Walter Thirring was elected president of the association at the first general assembly on 27 May 1992, with deputies Wolfgang Reiter (to represent the Ministry of Science), Peter W. Michor, Heide Narnhofer, and Julius Wess. A Scientific Advisory Board with the following scientists was set up:

- Paolo Budinich (International School for Advanced Studies (SISSA), Trieste),
- Alain Connes (Institut des Hautes Études Scientifiques (IHÉS), Bures-sur-Yvette),
- Jürg Fröhlich (ETH Zurich),
- Vladimir Drinfeld (National Academy of Sciences of Ukraine (NASU), Kharkiv)
- Ludwig Faddeev (Steklov Institute of Mathematics, St. Petersburg),
- Alberto Galindo Tixairo (Complutense University of Madrid),
- Elliott Lieb (Princeton University)
- Giuseppe Marmo (University of Naples Federico II),
- Peter W. Michor (University of Vienna),
- Heide Narnhofer (University of Vienna),
- Vladimír Souček (Charles University (CUNI), Prague),
- Walter Thirring (University of Vienna),
- Ivan Todorov (University of Sofia),
- Andrzej Trautman (University of Warsaw),
- Alexandre Vinogradov (Moscow State University), and
- Julius Wess (Max Planck Institute for Physics and LMU Munich).

Except for Vladimir Drinfeld and Elliott Lieb, these inaugural members of the Scientific Advisory Board were also the scientists who participated in the workshop Interfaces between Mathematics and Physics in May 1991. The workshop was organized by Peter Michor, Heide Narnhofer, and Walter Thirring. The need for an international, program-based research institute at the intersection of mathematics and physics was discussed at this workshop. The benefits of establishing such an institute in Vienna were explored.

On 20 April 1993 the ESI Association opened the Erwin Schrödinger International Institute for Mathematical Physics. The ESI was initially located in three apartments in Pasteurgasse, one just below the last residence of Erwin Schrödinger, until it moved to its current location in Boltzmanngasse 9 in July 1996. Walter Thirring was the first scientific director of the Institute, Peter Michor the first acting director.

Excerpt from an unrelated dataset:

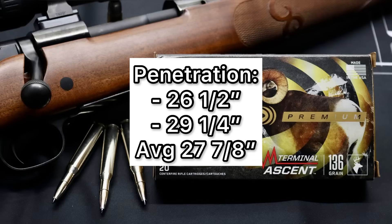This is one of the first 270 Winchester ammo loads I've tested, so time will tell what the average 270 penetration will wind up being. But compared to everything else I've tested so far — 6.5 Creedmoor, 30-06, 45-70, 30-30 — this is really, really good. Final thoughts on the Federal Premium Terminal Ascent 136-grain load out of the 270 Winchester.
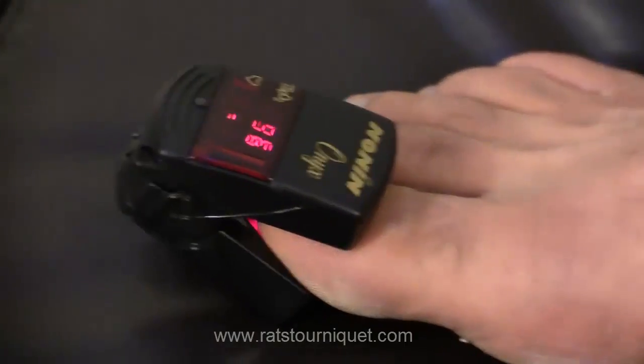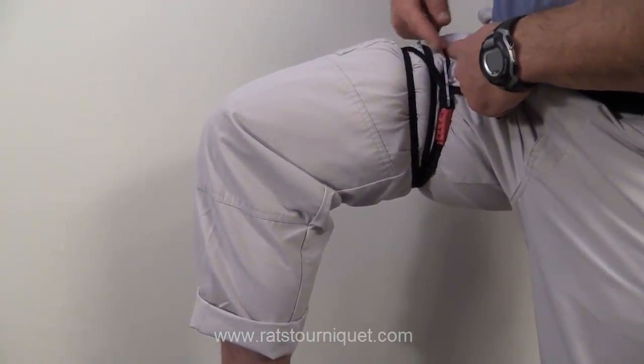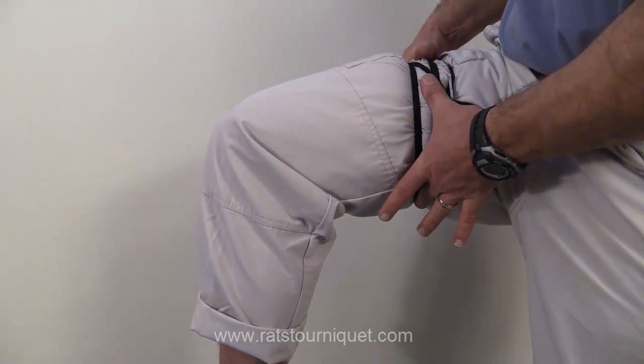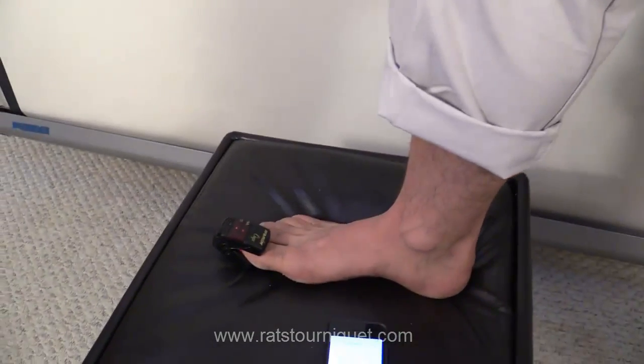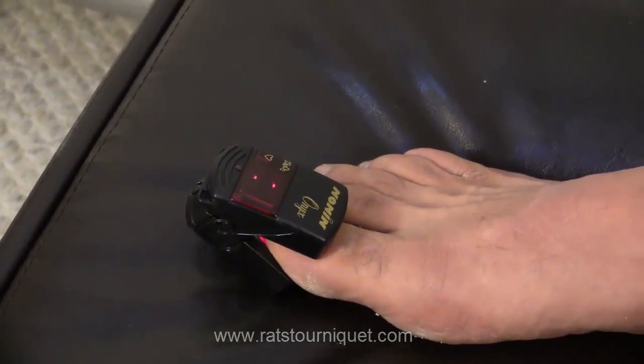The RATS tourniquet — if you look up here, you can see that we have the desired amount of inch and a half to two to three inches of compression of tissue around the area needed to stop blood flow. If you look again at the Pulse Ox, you can see that oxygen is now stopped on the foot. The Rapid Application Tourniquet.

In 2002, the Austrian Ministry of Science and Research commissioned an external evaluation of the activities at the ESI in the first ten years of operation. This evaluation was conducted by a panel composed of Jürgen Jost, Nigel Hitchin (chair), Nicolai Reshetikhin, Robbert Dijkgraaf, and Vincent Rivasseau. A second evaluation to review the following five years of operation was carried out in 2008 by a panel of Jean-Michel Bismut, Robbert Dijkgraaf, Peter Goddard (chair), Felix Otto, and Scott Sheffield.

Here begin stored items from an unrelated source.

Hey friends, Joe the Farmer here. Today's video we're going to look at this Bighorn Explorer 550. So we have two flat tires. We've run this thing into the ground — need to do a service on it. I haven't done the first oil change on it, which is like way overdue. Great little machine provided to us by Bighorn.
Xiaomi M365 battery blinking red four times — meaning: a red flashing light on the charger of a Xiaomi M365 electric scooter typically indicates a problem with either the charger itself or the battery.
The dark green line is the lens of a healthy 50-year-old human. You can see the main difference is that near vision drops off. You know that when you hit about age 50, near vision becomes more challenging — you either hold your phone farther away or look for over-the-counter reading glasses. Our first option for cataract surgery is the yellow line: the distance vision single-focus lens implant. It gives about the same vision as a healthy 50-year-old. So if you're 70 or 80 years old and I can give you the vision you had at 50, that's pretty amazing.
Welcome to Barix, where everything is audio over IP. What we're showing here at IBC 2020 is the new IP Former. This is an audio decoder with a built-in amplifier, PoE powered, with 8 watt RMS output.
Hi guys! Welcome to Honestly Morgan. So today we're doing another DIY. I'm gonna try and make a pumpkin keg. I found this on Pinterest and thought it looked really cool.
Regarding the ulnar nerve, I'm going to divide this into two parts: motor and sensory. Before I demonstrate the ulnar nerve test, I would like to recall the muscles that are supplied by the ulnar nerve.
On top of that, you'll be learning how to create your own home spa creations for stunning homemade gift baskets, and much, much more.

On 27 July 2010 the ESI was visited by Austrian Federal Minister of Science and Research, Beatrix Karl. She praised the work done at the ESI highly in a press release: “Das Erwin-Schrödinger-Institut ist auf dem Gebiet der mathematischen Physik und Mathematik weltweit führend und wurde für Wissenschafter und Forscher aus der ganzen Welt zu einer wichtigen Forschungs- aber auch Begegnungsstätte. […] Wissenschaft und Forschung am Erwin-Schrödinger-Institut profitieren von dieser Mobilität der Forscherinnen und Forscher, das stärkt auch den Standort Wien."

On 27 October 2010 over seventy independent research institutions (including the ESI) learnt from the Austrian Ministry of Science and Research that their federal funding would be cut. This decision could not be averted by the appeals from the national and international scientific community. The ESI was closed on 31 December 2010. On 21 January 2011 the ESI Association, the Ministry of Science and Research, and the University of Vienna come to an agreement that would enable the ESI to resume operation, not as an independent institute but as a research platform of the same name within the University of Vienna. As such, the ESI was reopened on 1 June 2011.

On 1 January 2016 the name of the ESI was changed from Erwin Schrödinger International Institute for Mathematical Physics to Erwin Schrödinger International Institute for Mathematics and Physics in order to reflect the wider scope of activities carried out at the Institute.